[SUPPLIED RECORDS]:
=== Section Start ===
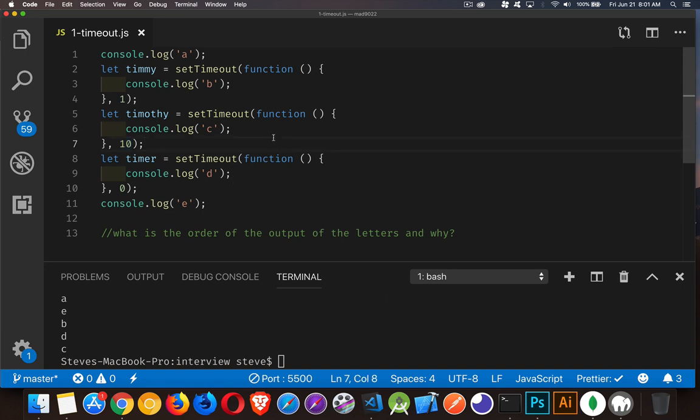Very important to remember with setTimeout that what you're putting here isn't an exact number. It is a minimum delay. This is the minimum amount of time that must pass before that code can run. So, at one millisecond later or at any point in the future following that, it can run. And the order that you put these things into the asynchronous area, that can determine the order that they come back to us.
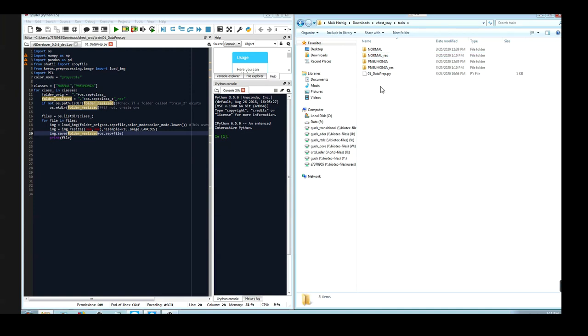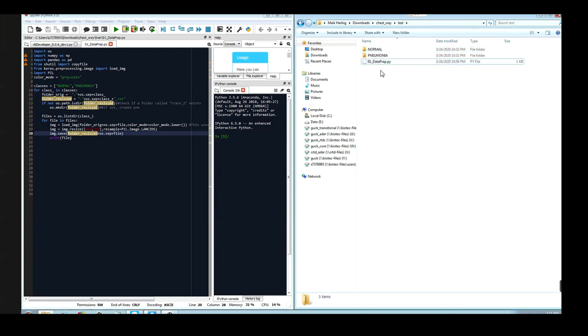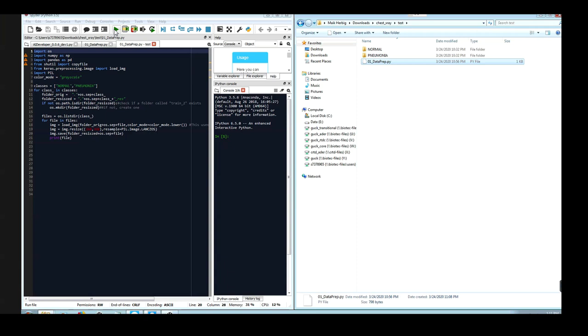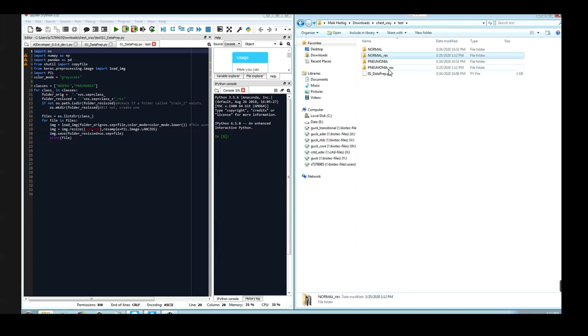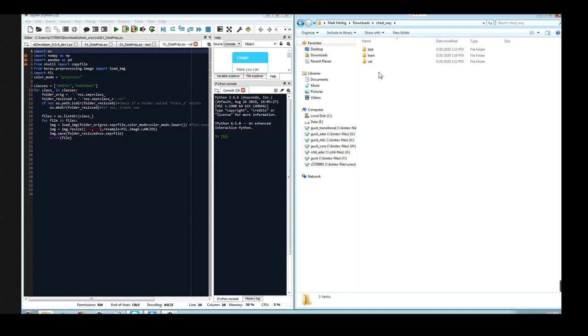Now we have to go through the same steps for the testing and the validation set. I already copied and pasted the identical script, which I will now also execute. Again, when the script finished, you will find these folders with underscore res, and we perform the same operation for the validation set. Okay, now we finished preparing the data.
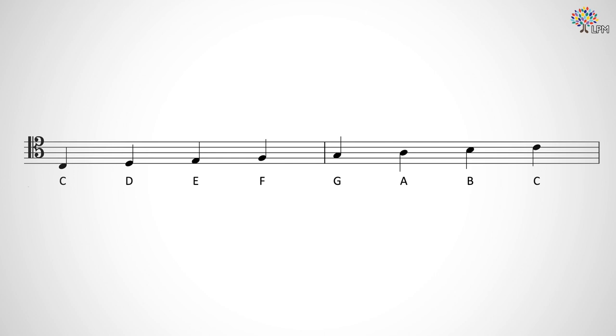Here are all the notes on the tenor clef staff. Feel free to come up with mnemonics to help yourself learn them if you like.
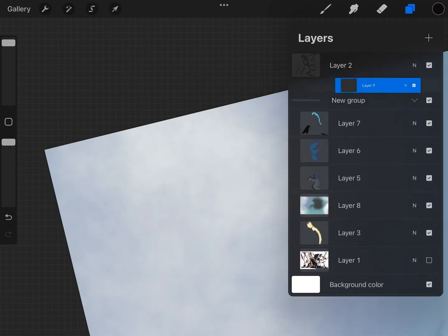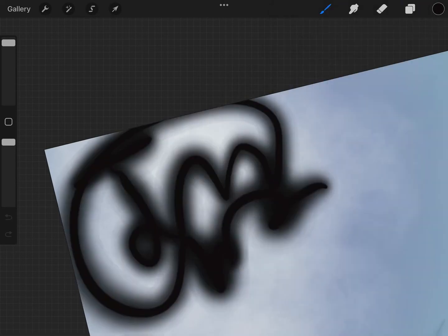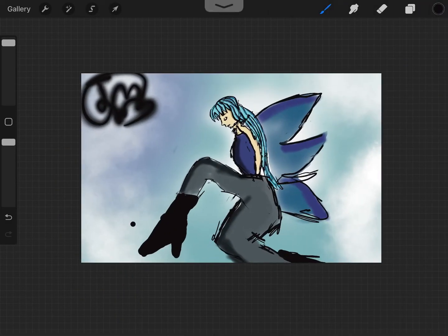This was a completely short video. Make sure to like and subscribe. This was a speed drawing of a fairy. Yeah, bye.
=== Section End ===
=== Section Start ===
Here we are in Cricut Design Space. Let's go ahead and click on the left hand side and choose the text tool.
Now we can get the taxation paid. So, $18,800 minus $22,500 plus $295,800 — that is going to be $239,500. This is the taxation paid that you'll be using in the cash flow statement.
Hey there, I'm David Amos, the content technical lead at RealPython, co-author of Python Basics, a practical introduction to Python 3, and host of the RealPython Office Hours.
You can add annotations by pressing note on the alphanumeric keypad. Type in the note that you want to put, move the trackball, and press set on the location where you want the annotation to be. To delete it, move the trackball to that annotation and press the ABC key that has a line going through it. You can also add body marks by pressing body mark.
=== Section End ===
=== Section Start ===
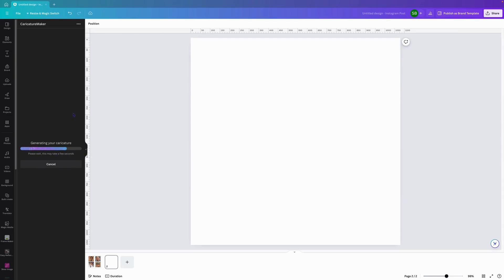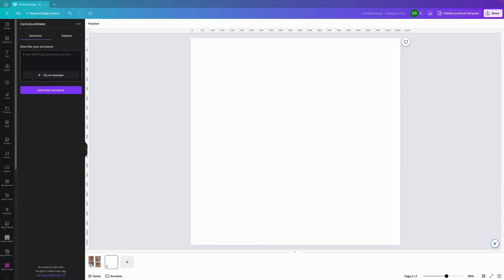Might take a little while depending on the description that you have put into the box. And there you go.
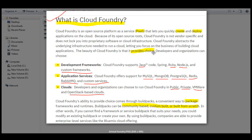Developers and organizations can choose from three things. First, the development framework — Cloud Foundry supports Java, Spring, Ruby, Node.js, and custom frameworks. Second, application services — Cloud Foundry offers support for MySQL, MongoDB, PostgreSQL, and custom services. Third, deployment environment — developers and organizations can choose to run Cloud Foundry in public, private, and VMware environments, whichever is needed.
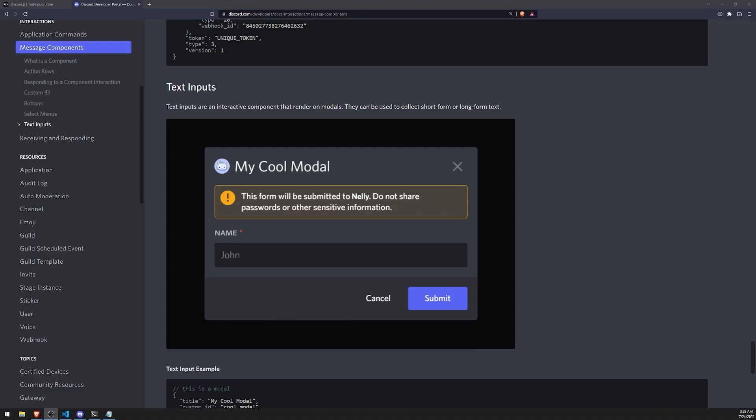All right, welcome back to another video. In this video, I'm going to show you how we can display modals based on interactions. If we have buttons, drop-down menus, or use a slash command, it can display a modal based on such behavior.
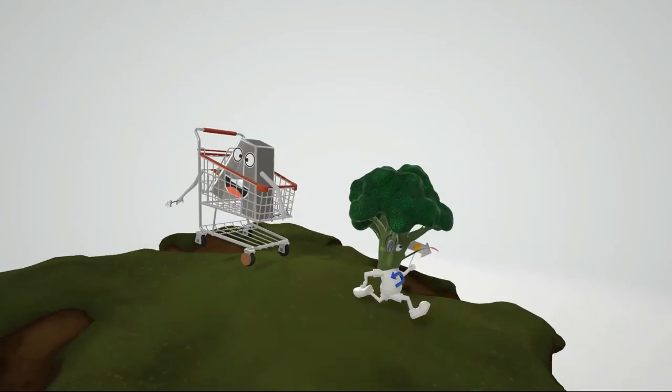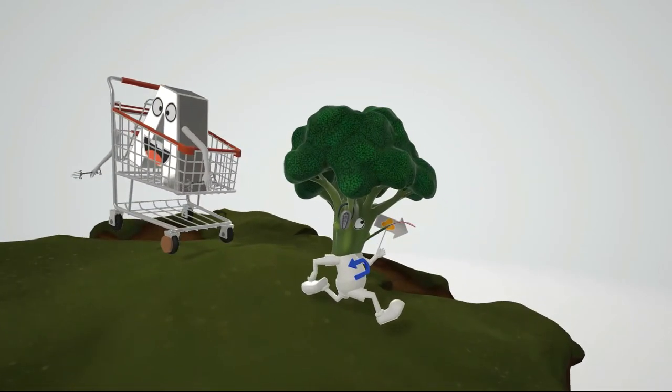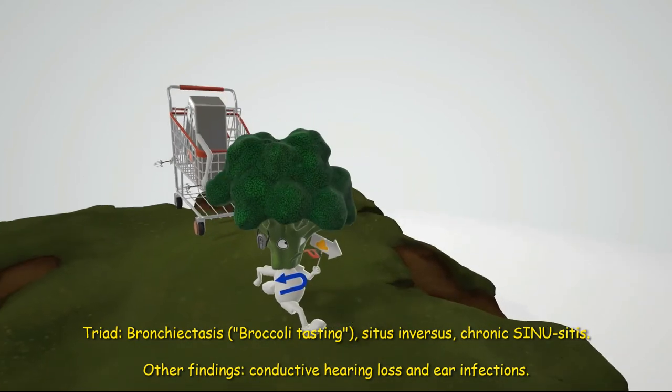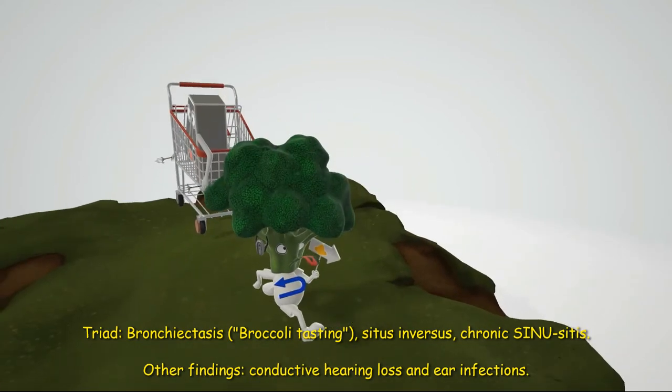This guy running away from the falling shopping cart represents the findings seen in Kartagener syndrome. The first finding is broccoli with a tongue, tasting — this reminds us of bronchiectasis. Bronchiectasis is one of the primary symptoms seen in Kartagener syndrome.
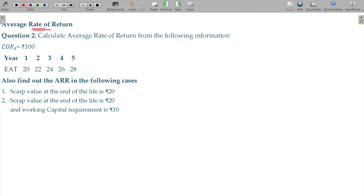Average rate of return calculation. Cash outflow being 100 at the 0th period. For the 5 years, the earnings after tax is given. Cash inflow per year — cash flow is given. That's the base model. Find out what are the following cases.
=== Section End ===
[TASK TO COMPLETE]:
Please output the lines above beginning at the line with "Very important to" and ending after the line with "This was a completely", precisely as written and with no pictures.

[ANSWER]:
Very important to remember with setTimeout that what you're putting here isn't an exact number. It is a minimum delay. This is the minimum amount of time that must pass before that code can run. So, at one millisecond later or at any point in the future following that, it can run. And the order that you put these things into the asynchronous area, that can determine the order that they come back to us.
Now we have to go through the same steps for the testing and the validation set. I already copied and pasted the identical script, which I will now also execute. Again, when the script finished, you will find these folders with underscore res, and we perform the same operation for the validation set. Okay, now we finished preparing the data.
Here are all the notes on the tenor clef staff. Feel free to come up with mnemonics to help yourself learn them if you like.
This was a completely short video. Make sure to like and subscribe. This was a speed drawing of a fairy. Yeah, bye.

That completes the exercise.